Information, internet access, maps, and train passes are available at local Tourist Information terminals. These are located at various sites around the city. Expect a wait if you arrive late in the afternoon or during lunch time. Local travel agencies are also helpful for quick information and finding hotels. There is no service charge for these services. Hours are Monday to Friday 9am to 5pm, and Saturday 10am to 2pm.
Getting in from the airport and other arrival locations. Travel planning is about more than just knowing where you’re going. Prepares to navigate, take control and be ready for anything. This section helps you steer clear of disaster and stay open enjoy the unexpected.
- Plane – Flights arrive at the main airport near city center. If flying from European cities, you might land at a connecting airport. There is a tourist information office at the Terminal E, international arrivals, open 8am to 6pm.
- Train – A train station is on the lower level of the airport. To get into the city, follow the marked signs.
- Taxi – From the airport there is a flat-rate for the 1-hour trip, depending on traffic. Hotels charge up to $80 for shuttle service.
- Train & Bus – Trains and buses arrive a city center. This is the transportation hub for the city and is surrounded hotels.

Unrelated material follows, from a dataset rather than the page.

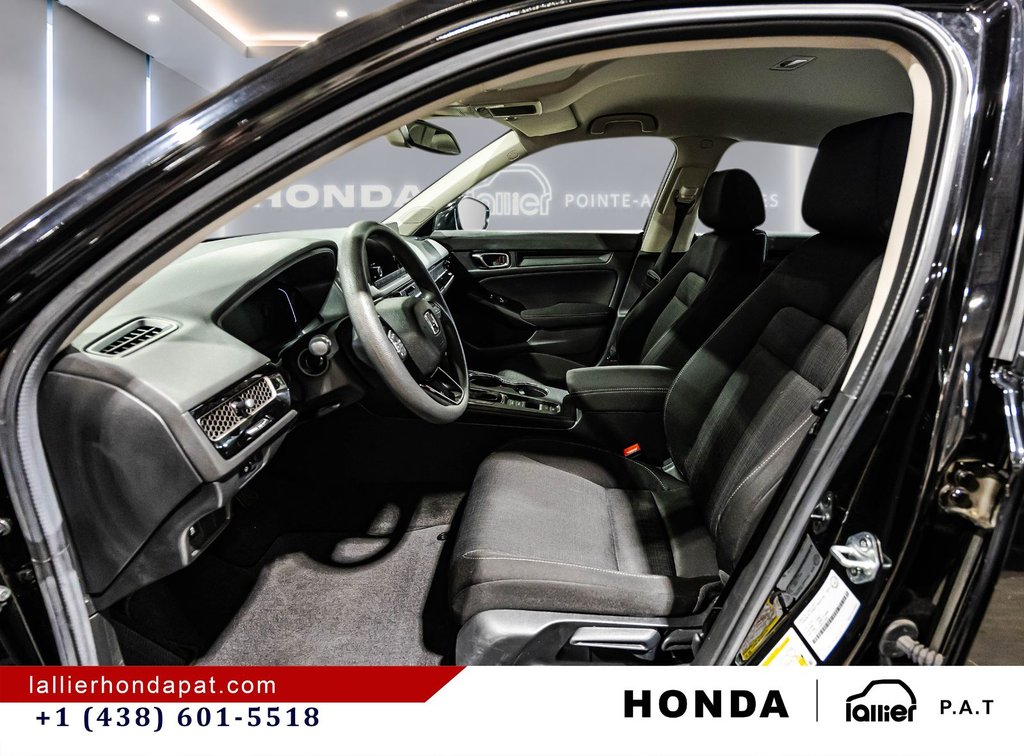 Honda Civic Sedan LX 2025 à Montréal, Québec - 18 - w1024h768px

A perfect place for exploring on foot, with local shops around every corner. You will eventually walk somewhere, it’s just going to happen. If you don’t like crowds, uneven cobblestones, heavy traffic or narrow sidewalks, take a taxi or rent a scooter.
Day 1 :
Welcome to Kathmandu! You will be met by our representatives and transferred to your hotel, welcome drink at hotel. Overnight stay at Kathmandu.
Day 2 :
Sightseeing tour of Bhaktapur, Bodhnathnath, Pashupatinath & the Kathmandu Durbar Square. Overnight stay at Kathmandu.
Day 3 :
Halfday sightseeing tour of Swayambhunath & Patan. Overnight stay at Kathmandu.
Day 4 :
Early morning drive to the Chitwan National Park. At the lodge, the Jungle Guide will brief you on Asia’s biggest game reserve. Overnight stay at lodge in Chitwan.
Day 5 :
Safari activities Include Elephant ride into the jungle for excellent game viewing, Jungle walk, Canoe ride. Later in the evening, Cultural dance will be performed by the local inhabitants – The Tharu’s. Overnight stay at lodge in Chitwan.
Day 6 :
Early morning Bird Watching tour. After breakfast, proceed to Lumbini – The birth place of Lord Buddha. Overnight stay at Lumbini.
Day 7 :
Full day excursion of Lumbini. Visit the sacred place where Princess Maya Devi gave birth to Lord Buddha and various monasteries. Overnight stay at Lumbini.
Day 8 :
Fly to Kathmandu. You will be transferred to Dhulikhel, a scenic village famous for it’s views of the snow capped mountains. Overnight at Hotel.
Day 9 :
View the sunrise and the himalayan ranges. Later in the afternoon, transfer to Kathmandu. Overnight stay at Kathmandu.
Day 10 :
Free day in Kathmandu for shopping and relaxation. Overnight stay at Kathmandu.
Day 11 :
The day is free until your transfer to the airport for your onward flight.